ОДЕРЖАНИЕ (Письма Н.К.Рерих А.М.Асееву т.2)

Материал из Энциклопедия Агни Йоги.

Перейти к: навигация, поиск
Информация о письме
  • От кого: Николай Рерих
  • Издание: Сфера
  • Адрес отправителя: Гималаи

ОДЕРЖАНИЕ

 «Все-таки не верю я в то, что вы об одержании рассказываете. Просто это какие-то подсознатель­ные рефлексы мозга, мало ли что мы читаем, слы­шим и видим. Затем все это забываем, а извилины мозга где-то хранят и при случае выявляют то, что нам уже кажется как совершенно постороннее», – так говорил мне в Урге приятель, который по своему служебному положению считал, что скептизм будет наилучшим признаком достоинства.

Никогда не следует настаивать и стараться убеж­дать. Часто нужно лишь обратить внимание, и жизненный поезд сам меняет свой ход, смотря на этот знак семафора. Не настаивая, приятелю было рассказано еще несколько случаев, объединенных мыс­лью об одержании.

Рассказали о тибетском роланге – воскресении трупов, но, конечно, скептик только пожал плечами – даже, мол, и говорить об этом не стоит. Рассказа­ли о случае в Америке, где высоко интеллигентная особа говорила, что в нее вселился ее умерший же­них и контролирует всю ее жизнь, дает советы, ука­зания и проявляет такую отделенность от ее созна­ния, что причиняет ей недомогание не только ду­ховное, но даже переходящее в область физическую. Наш скептик заметил, что в азилуме для лунати­ков «одержимых», вероятно, очень много, а в практике суда эти случаи безответственного сознания об­щеизвестны, но что это его нисколько не убеждает. Рассказали ему, как китайцы указывали, что в хотанского Дао-Тая вселился убитый им Титай, при­чем указывалось, насколько убийца принял некото­рые характерные привычки убитого, и само лицо убийцы в самое короткое время характерно изме­нилось.
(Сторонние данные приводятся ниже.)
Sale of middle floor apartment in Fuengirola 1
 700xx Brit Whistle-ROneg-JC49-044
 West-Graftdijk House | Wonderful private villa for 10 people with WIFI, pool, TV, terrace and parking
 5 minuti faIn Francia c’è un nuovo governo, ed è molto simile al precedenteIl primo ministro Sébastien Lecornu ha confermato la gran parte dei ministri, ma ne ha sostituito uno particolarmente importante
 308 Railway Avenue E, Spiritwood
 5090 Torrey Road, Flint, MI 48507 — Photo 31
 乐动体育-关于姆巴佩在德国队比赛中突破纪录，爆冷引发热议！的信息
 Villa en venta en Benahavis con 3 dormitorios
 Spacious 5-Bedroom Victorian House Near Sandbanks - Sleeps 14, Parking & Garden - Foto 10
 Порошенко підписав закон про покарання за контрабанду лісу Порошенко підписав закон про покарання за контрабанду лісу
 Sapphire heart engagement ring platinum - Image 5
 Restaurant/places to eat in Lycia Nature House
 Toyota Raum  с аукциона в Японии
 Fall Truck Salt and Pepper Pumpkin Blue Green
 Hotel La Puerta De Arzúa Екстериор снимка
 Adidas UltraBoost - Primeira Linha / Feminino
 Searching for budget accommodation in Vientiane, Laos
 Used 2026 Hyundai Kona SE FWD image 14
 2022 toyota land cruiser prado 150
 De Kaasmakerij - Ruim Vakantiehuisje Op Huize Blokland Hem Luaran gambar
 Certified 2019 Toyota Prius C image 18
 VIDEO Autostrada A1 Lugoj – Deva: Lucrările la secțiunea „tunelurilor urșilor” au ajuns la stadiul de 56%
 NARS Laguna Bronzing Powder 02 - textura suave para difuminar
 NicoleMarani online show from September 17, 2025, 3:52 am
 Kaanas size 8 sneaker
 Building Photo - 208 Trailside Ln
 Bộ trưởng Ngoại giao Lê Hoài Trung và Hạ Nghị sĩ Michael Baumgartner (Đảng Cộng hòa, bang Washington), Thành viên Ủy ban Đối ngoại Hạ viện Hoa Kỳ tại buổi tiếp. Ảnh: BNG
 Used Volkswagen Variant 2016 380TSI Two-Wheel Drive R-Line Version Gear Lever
Скептик опять только пожал плечами. Прошло несколько дней, и однажды наш скептик вечером пришел имея какой-то странный вид – видимо, он был чем-то смущен и искал лучший повод расска­зать о чем-то. Наконец он не выдержал:

«Вот послушаешь ваши рассказы, а потом и нач­нут случаться в жизни странные вещи. После нашего разговора последнего, помните, об этом, как вы го­ворите, одержании, мне нужно было зайти к китайцу фотографу. Женат он на совсем простой бурятке, не­грамотной. Я давно их знаю. Вижу, китаец невесел как-то, даже изменился. Спрашиваю, в чем дело, не болен ли? "Нет, говорит, я-то сам здоров, а вот с же­ной моей худо. Очень худо, и кто ее вылечит, уж и не знаю. Недавно начала она говорить самые странные вещи. Толкует, что кто-то вселился в нее и будто бы не один, а два. И откуда она такие слова берет – один будто бы утонувший, а другой с перепою умер, пья­ница. Я-то знаю, что такое бывает, и у нас в Китае та­ких случаев много". Я попросил его позвать жену. Пришла она. И без того-то она была маленькая и щупленькая, а теперь показалась она мне еще худее, еще тоньше. Как и говорю – совсем простая бурятка, неграмотная. Вошла она, а муж ее вышел из комнаты. Принесла она мне чаю. Я ей говорю, а что же вы сами выпьете? – Нет, говорит, он запрещает мне с вами пить, потому что вы не верите и мне зла желаете. — Кто же вам запрещает? – Да все он, немец. – Как немец, говорю, объясните, откуда он взялся? – А так, говорит, один Адольф, а другой Феликс. Они, гово­рит, уже три недели как во мне. – Скажите, говорю, откуда же они взялись? – А вот, говорит, приходил к мужу сниматься толстый немец, может быть, вы его видели на улице, он по торговой части, а эти двое были с ним – он-то ушел, а они ко мне и привяза­лись. Один из них, Адольф, тут был грузчиком во Владивостоке, после войны остался там. Утонул он, катаясь на лодке, драка у них произошла. А дру­гой, Феликс, тоже немец, тот пьяный и ругается сильно.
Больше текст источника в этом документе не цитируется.